• **What you need to do**: Each entry should be returned exactly as written, with no pictures carried over.

##############################

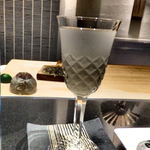 日本料理 晴山 - 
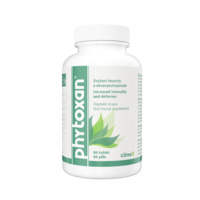 ClineX_Phytoxan_vizualizace_20220516-lekovka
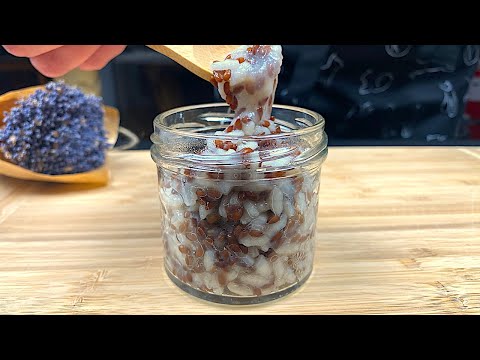 Видео: Лучший коллаген устраняет все морщины на лице. Убирает морщины вокруг глаз, мешки под глазами и тем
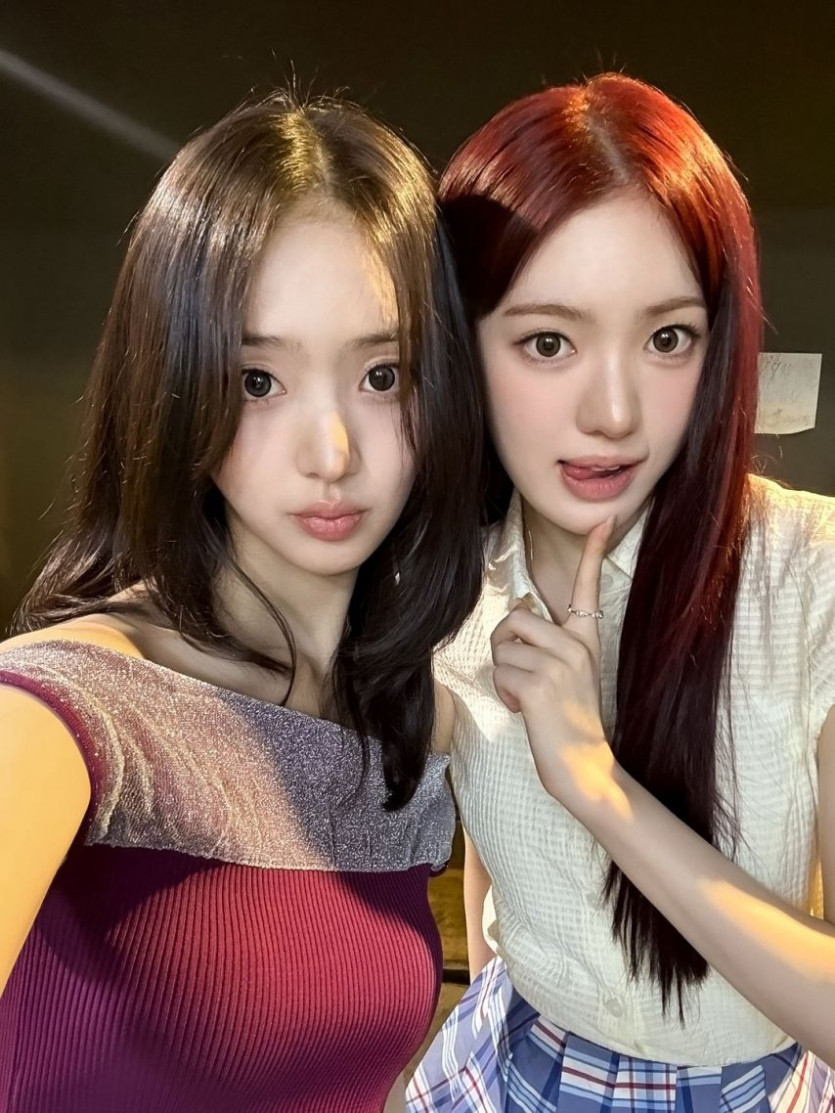본문 이미지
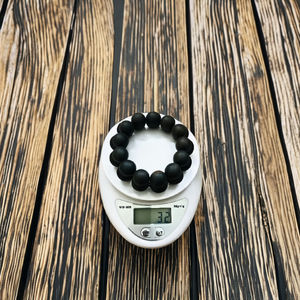 100% Quality Pure Agarwood <b>Beaded</b> <b>Bracelets</b> 16mm-18mm Vintage Gold Plated Wicker Handicraft Wood Ball Pattern Charm for <b>Men</b> - Product Image 1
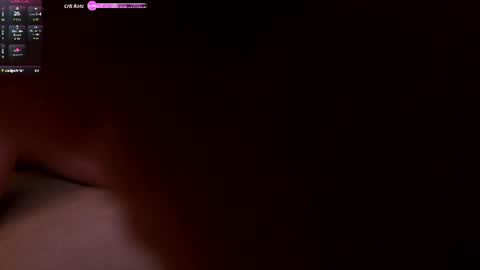 Snapshot of _stephanie_wein chatting on July 2026 08:44:02 PM _stephanie_wein online show from July 2026 08:44:02 PM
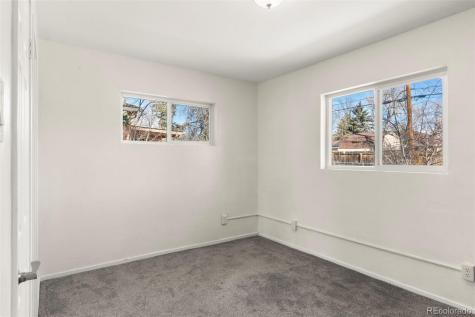 778 Troy Court Aurora CO 80011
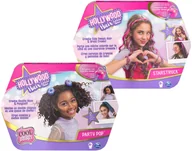 Zabawki kreatywne - Spin Master Cool Maker. Hollywood Hair Studio. Zestaw uzupełniający, mix wzorów - miniaturka - grafika 1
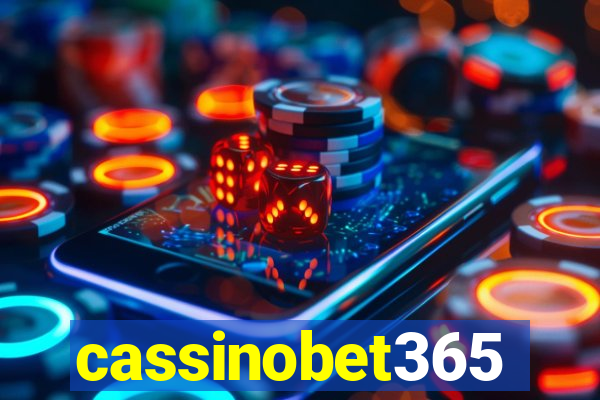 cassinobet365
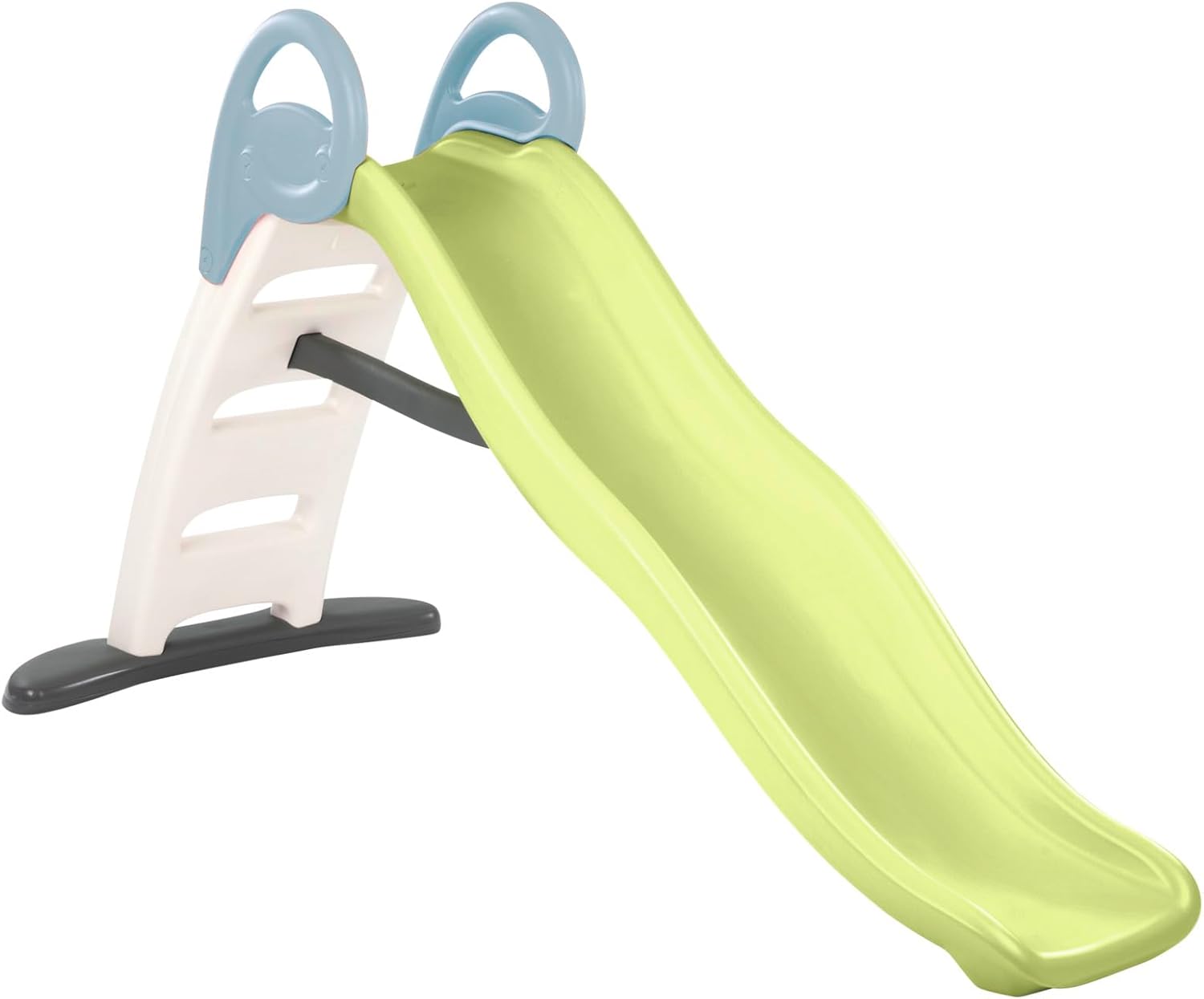 Smoby Life Toboggan Funny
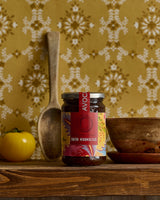 Avoca Onion Marmalade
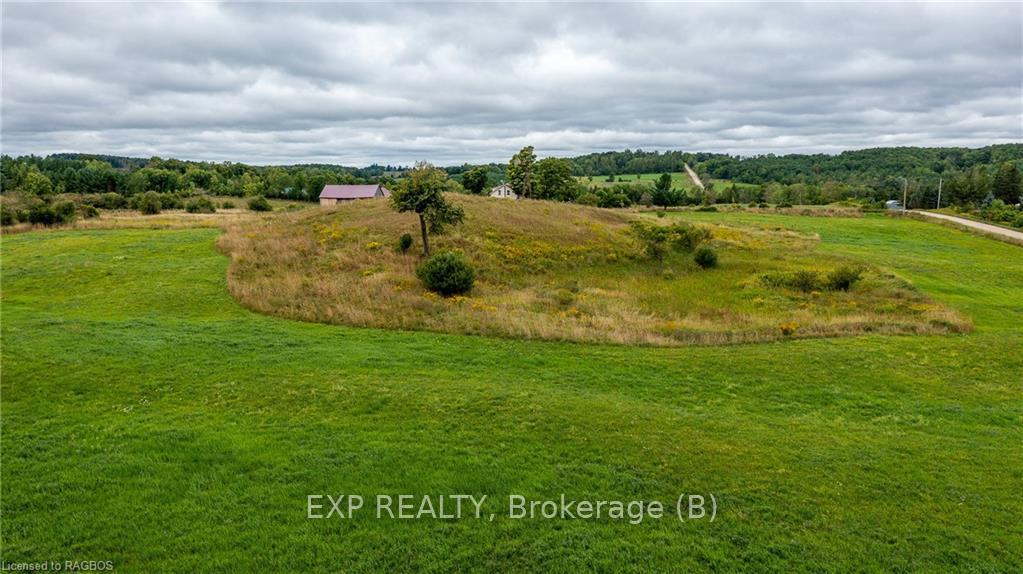 Photo 10 of PT LT 4 Concession 8, Chatsworth — HOMEH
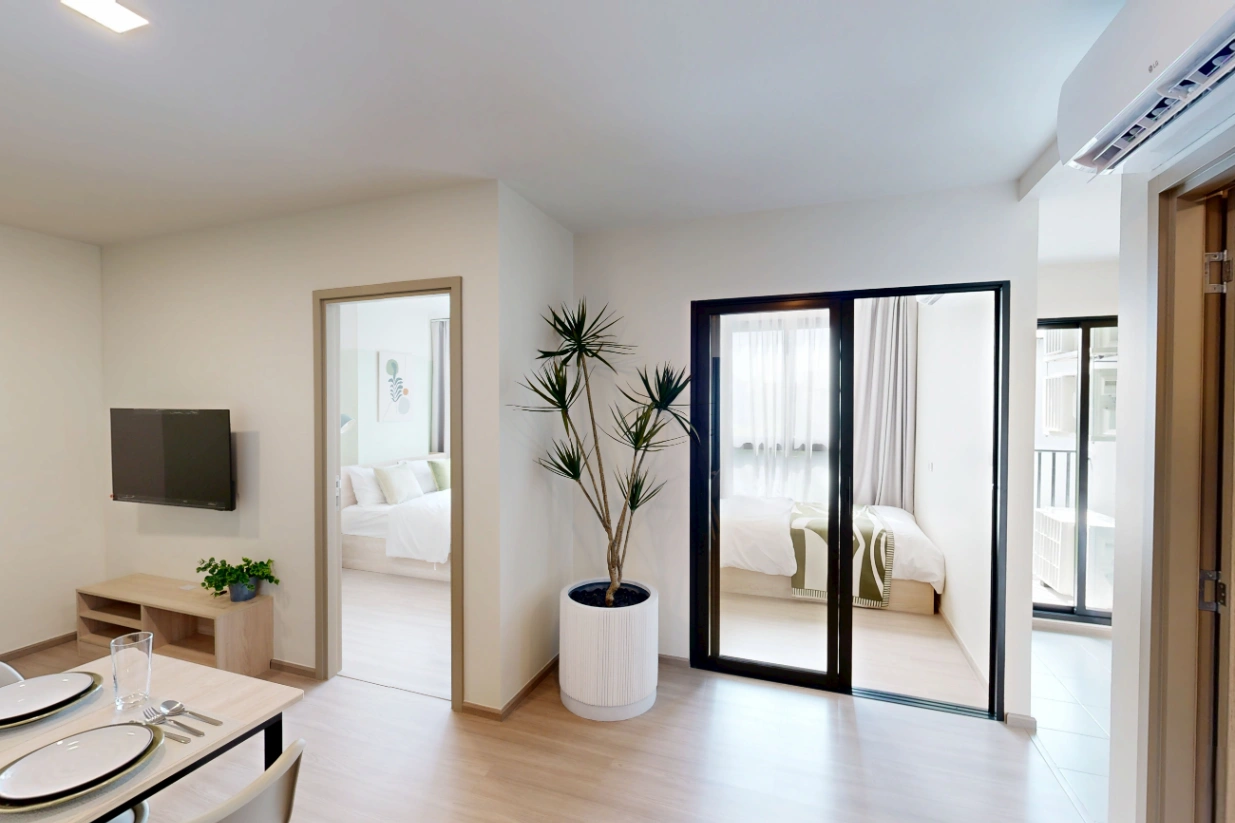 1D 42.50 sq.m.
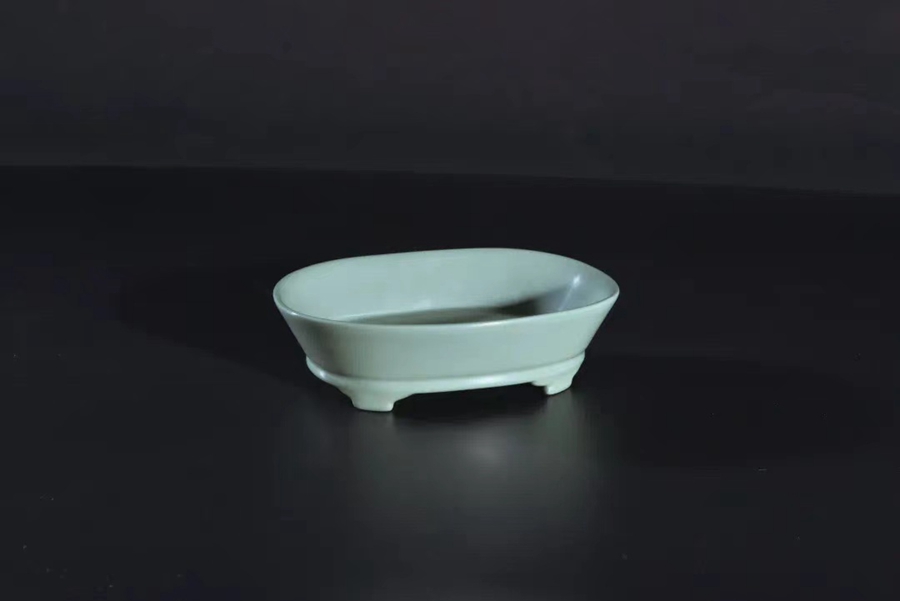 探访福建“非遗”技艺:被西方誉为“东方黑宝石”的脱胎漆器,如何延续百年辉煌?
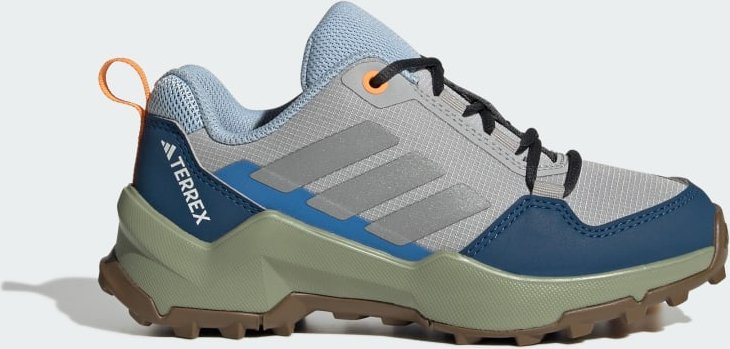 Thumbnail - Terrex Ax4r Wanderschuh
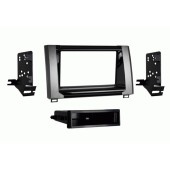 Adaptor 1DIN / 2DIN Toyota Tundra (14->)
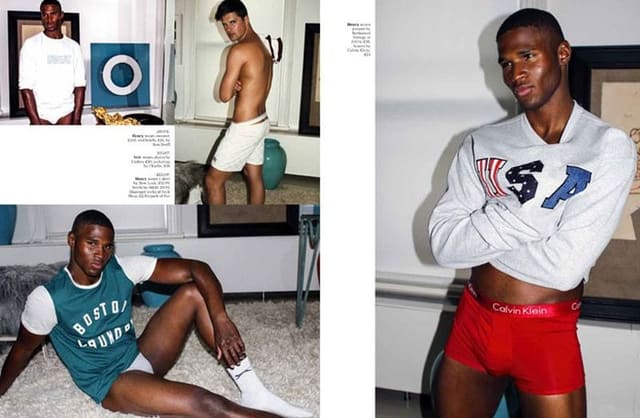 Veit Couturier — 2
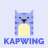 icon Valiant Kapwing video editor(Valiant Kapwing video-editor
) 1.0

##############################

• **Written response**:
 日本料理 晴山 - 
 ClineX_Phytoxan_vizualizace_20220516-lekovka
 Видео: Лучший коллаген устраняет все морщины на лице. Убирает морщины вокруг глаз, мешки под глазами и тем
본문 이미지
 100% Quality Pure Agarwood <b>Beaded</b> <b>Bracelets</b> 16mm-18mm Vintage Gold Plated Wicker Handicraft Wood Ball Pattern Charm for <b>Men</b> - Product Image 1
 Snapshot of _stephanie_wein chatting on July 2026 08:44:02 PM _stephanie_wein online show from July 2026 08:44:02 PM
 778 Troy Court Aurora CO 80011
 Zabawki kreatywne - Spin Master Cool Maker. Hollywood Hair Studio. Zestaw uzupełniający, mix wzorów - miniaturka - grafika 1
 cassinobet365
 Smoby Life Toboggan Funny
 Avoca Onion Marmalade
 Photo 10 of PT LT 4 Concession 8, Chatsworth — HOMEH
 1D 42.50 sq.m.
 探访福建“非遗”技艺:被西方誉为“东方黑宝石”的脱胎漆器,如何延续百年辉煌?
 Thumbnail - Terrex Ax4r Wanderschuh
 Adaptor 1DIN / 2DIN Toyota Tundra (14->)
 Veit Couturier — 2
 icon Valiant Kapwing video editor(Valiant Kapwing video-editor
) 1.0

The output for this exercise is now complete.